Introducing WorldJen: High-Performance Benchmarks for Video & World Models

Introducing WorldJen: High-Performance Benchmarks for Video & World Models

TL;DR

  • Try it now: worldjen.com
  • WorldJen benchmarks generative video models end to end, from prompt curation to generation, VLM-based evaluation, and final scoring.
  • It focuses on overlapping, realistic prompt coverage across multiple dimensions instead of narrow specialist prompts.
  • It is designed to improve benchmark reliability while reducing the total cost of commercial video model evaluation.
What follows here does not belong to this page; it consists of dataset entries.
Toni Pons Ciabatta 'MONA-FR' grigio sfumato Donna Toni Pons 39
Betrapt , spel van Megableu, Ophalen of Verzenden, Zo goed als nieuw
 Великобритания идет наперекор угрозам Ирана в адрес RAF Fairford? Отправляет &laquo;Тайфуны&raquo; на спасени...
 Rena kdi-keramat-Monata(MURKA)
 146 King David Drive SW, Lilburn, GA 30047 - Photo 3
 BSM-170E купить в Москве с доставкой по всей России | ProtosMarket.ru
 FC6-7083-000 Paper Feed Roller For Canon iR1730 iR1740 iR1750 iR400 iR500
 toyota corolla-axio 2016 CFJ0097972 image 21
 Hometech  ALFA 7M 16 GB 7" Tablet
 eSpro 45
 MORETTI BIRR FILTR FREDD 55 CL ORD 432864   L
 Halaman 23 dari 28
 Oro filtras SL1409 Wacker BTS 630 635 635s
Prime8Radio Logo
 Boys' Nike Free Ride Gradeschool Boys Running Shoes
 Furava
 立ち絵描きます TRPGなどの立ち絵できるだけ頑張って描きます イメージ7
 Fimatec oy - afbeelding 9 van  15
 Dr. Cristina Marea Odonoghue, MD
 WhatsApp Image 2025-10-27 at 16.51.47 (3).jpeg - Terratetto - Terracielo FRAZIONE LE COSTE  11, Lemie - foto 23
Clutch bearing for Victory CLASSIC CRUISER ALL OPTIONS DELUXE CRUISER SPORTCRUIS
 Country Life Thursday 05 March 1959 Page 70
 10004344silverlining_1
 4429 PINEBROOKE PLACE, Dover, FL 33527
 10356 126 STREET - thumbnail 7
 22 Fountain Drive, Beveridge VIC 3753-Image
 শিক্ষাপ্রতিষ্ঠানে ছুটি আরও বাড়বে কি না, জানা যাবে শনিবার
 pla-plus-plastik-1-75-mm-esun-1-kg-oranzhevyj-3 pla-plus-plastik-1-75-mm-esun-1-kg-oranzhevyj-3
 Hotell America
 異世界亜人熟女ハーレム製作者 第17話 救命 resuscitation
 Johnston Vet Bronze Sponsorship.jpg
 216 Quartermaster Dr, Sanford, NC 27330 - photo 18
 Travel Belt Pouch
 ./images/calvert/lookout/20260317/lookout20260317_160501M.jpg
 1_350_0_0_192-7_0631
Seeing is no longer believing!

Generative video models have successfully transitioned from academic prototypes to real-time consumer-facing applications for creative content, robot learning, and world model building. The general belief is that the demand for models with better quality, more features, and support for different modalities fuels further research and innovation, leading to better models over time. But what is “better”? And how does one measure it?

Traditional computer vision used reference-based metrics such as SSIM, PSNR, LPIPS, and FVMD that require a ground truth to compare against. As a general rule of thumb, generative media does not have a reference. When a user prompts for “a dragon in super man outfit flying over mars,” there is no real-world video to compare to. PSNR and SSIM observe pixel-level noise and structural overlap, which AI models can game by producing blurry but mathematically close pixels.[1] (For example, PSNR and SSIM will not tell you if the dragon has five wings, or if fire comes out of its tail. LPIPS, on the other hand, operates on a per-frame basis, which is better for capturing human perception, but it still misses the temporal components in the video.) FVD measures how natural the data looks by comparing the statistical distribution of generated clips to a dataset of real clips. This biases style over substance, and in particular rewards textures that look like training data; a model can game this by mimicking the look of a movie while objectively failing in physics.

VBench 1.0 is one of the first benchmarking tools credited with breaking quality measurement into dimensions such as aesthetics and motion. It relied on superficial faithfulness based on traditional metrics as well as image feature embedding tools such as DINO, CLIP, and RAFT. As such it misses temporal features that are intrinsic to video models. Nevertheless, it is still quite popular in academic and industry circles despite inconsistent results.

Veo3 vs Wan output videos evaluated with VBench subject consistency. The scores don’t meaningfully differentiate the models.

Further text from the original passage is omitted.